**** AVAILABLE DATA

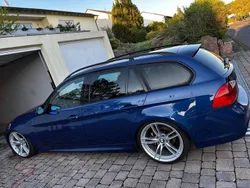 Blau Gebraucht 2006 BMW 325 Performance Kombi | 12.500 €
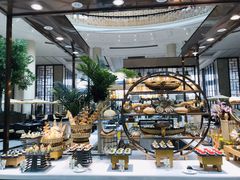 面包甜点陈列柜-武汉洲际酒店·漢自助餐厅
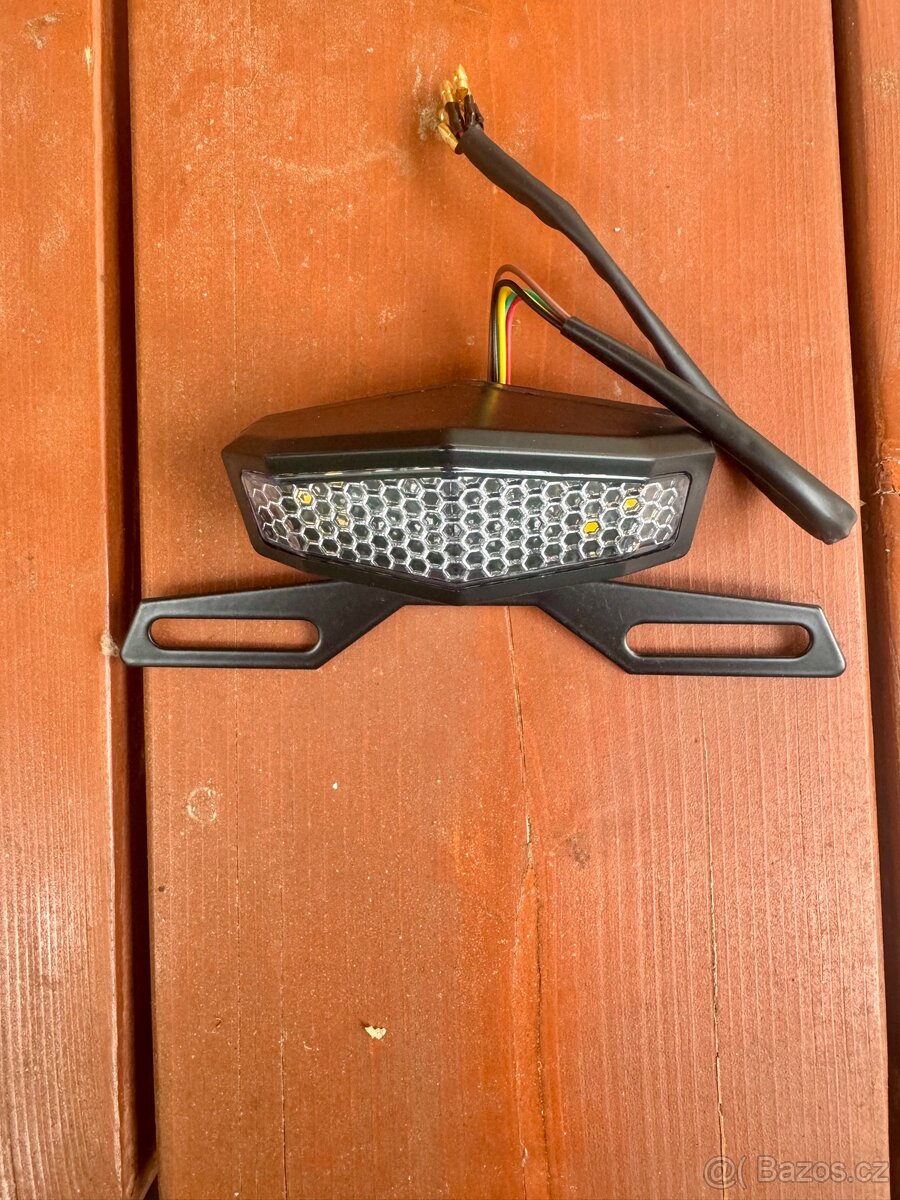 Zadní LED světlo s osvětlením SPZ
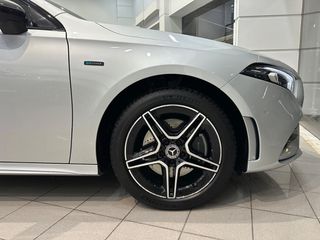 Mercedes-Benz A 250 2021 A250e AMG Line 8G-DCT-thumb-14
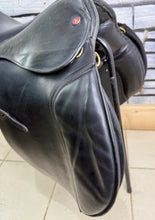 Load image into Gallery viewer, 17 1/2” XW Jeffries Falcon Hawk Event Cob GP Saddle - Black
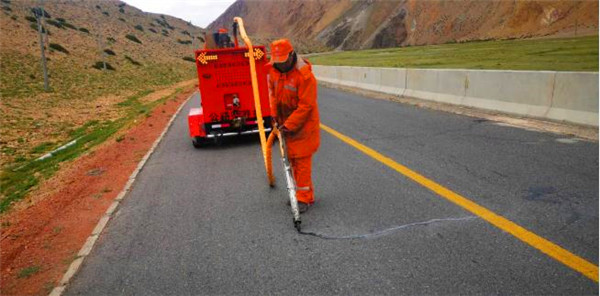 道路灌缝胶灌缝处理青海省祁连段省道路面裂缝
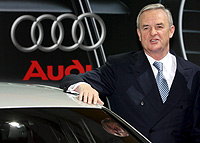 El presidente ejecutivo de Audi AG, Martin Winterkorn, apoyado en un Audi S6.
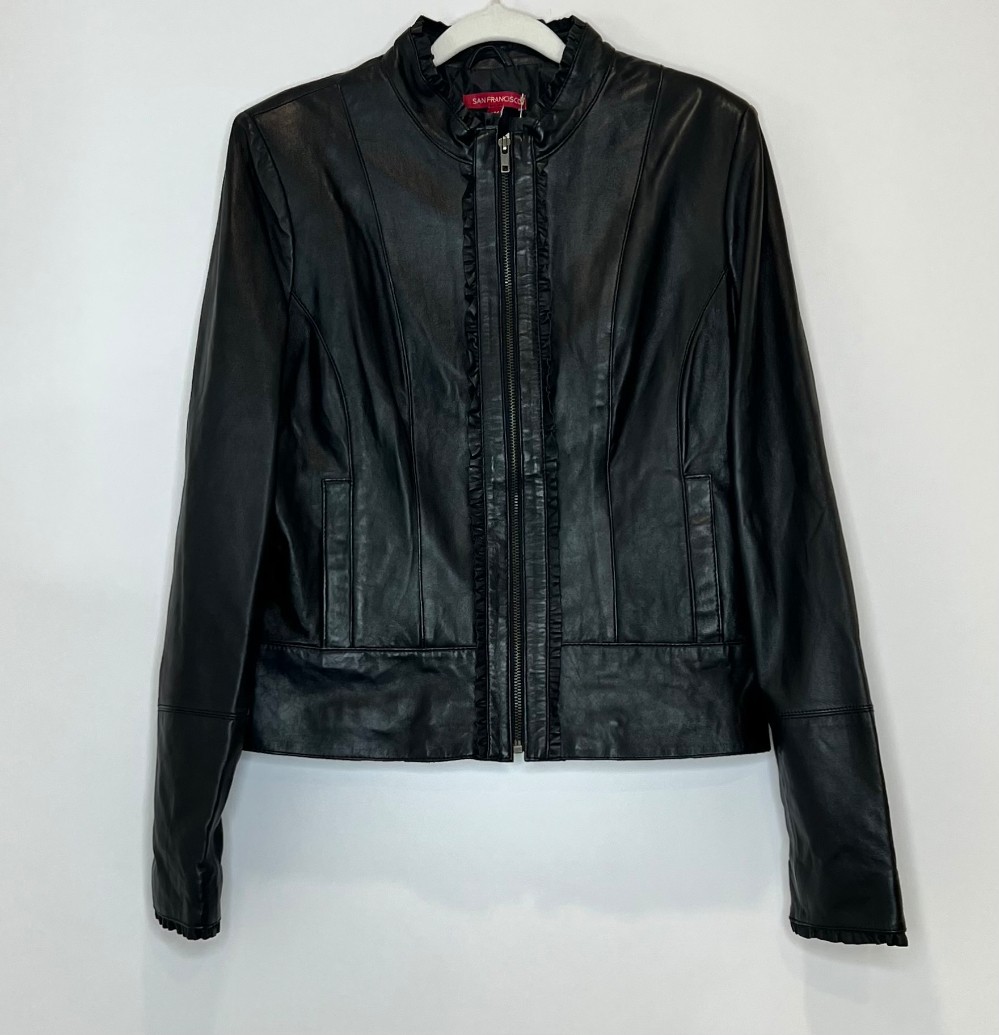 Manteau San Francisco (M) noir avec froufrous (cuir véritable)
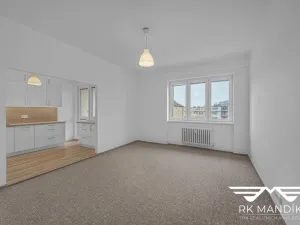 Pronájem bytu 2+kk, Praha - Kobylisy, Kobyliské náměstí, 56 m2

********
**** AVAILABLE DATA

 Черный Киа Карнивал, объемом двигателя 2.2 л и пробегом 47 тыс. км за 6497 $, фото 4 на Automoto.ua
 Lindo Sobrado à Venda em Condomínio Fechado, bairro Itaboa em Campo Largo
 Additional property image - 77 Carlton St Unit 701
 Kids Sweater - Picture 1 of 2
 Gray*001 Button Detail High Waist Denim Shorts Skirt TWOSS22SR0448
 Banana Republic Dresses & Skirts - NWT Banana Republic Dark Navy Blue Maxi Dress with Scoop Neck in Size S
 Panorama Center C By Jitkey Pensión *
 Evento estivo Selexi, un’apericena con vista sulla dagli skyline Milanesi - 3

********
**** AVAILABLE DATA

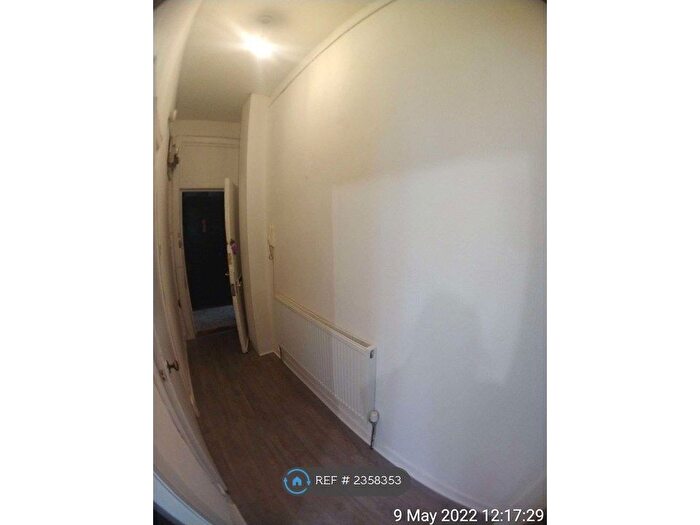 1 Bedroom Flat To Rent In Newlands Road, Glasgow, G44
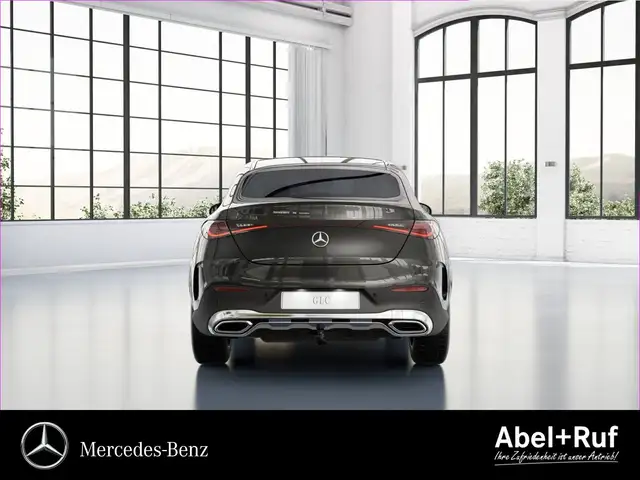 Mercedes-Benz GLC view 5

********

Everything from the line with "Blau Gebraucht 2006" through the line with "Pronájem bytu 2+kk, Praha" in the material above should be transcribed exactly, except the pictures.

 Blau Gebraucht 2006 BMW 325 Performance Kombi | 12.500 €
 面包甜点陈列柜-武汉洲际酒店·漢自助餐厅
 Zadní LED světlo s osvětlením SPZ
 Mercedes-Benz A 250 2021 A250e AMG Line 8G-DCT-thumb-14
 Load image into Gallery viewer, 17 1/2” XW Jeffries Falcon Hawk Event Cob GP Saddle - Black
 道路灌缝胶灌缝处理青海省祁连段省道路面裂缝
 El presidente ejecutivo de Audi AG, Martin Winterkorn, apoyado en un Audi S6.
 Manteau San Francisco (M) noir avec froufrous (cuir véritable)
 Pronájem bytu 2+kk, Praha - Kobylisy, Kobyliské náměstí, 56 m2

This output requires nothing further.